The #18802 proposal, on the other hand, has completely different purpose - to provide access to per-CPU objects. This proposal has no clear vision yet, not saying about the implementation. For example, as I understood from the #18802 proposal, it wants creating some magic sharded object, which will have exactly one shard per P. On the other hand, the sync.Pool allows storing multiple local objects at the same P. It also allows dropping the stored objects at any time, so the user must expect that sync.Pool.Get() or sync.Pool.GetLocal() may return nil.

Jorropo commented 9 months ago

@valyala thx for the explanation in what way it is different. To me they still seem extremely similar, I could create GetLocal with #18802 by storing a pointer to a slice in the sharded value. (so can store more than one value).

About your proposal I don't think returning nil feel sync.Poolish, imo it should call sync.Pool.New.
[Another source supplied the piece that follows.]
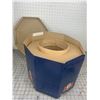Image 3 : ANTIQUE BILTMORE ADVERTISING HAT BOX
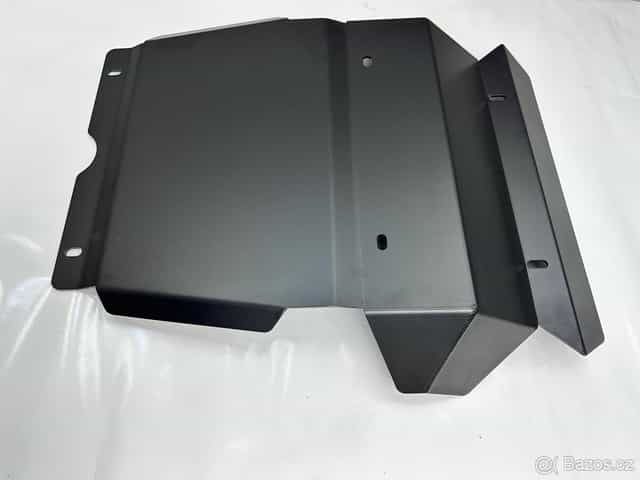 Toyota hilux revo 2016- Kryty motoru a diferáku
qiulaidongfeng commented 9 months ago

Note that if sync.Pool also supports stealing objects from other P cache, a goroutine Local store or P store may be required, to prevent one goroutine from getting objects in a P-local and another goroutine from stealing objects from that P-local., so that {Get,Put}Local does not require atomic operation synchronization, because this way, the same block of memory will not have unlocked or not have atomic synchronized reads and writes.

prattmic commented 9 months ago

cc @aclements @mknyszek

aclements commented 9 months ago

You've identified an interesting issue, but I don't think putting the problem on the user by adding an API is the right answer. I think it would be really unclear to users when to call Get versus GetLocal, and would likely depend on the properties of the system their code is running on.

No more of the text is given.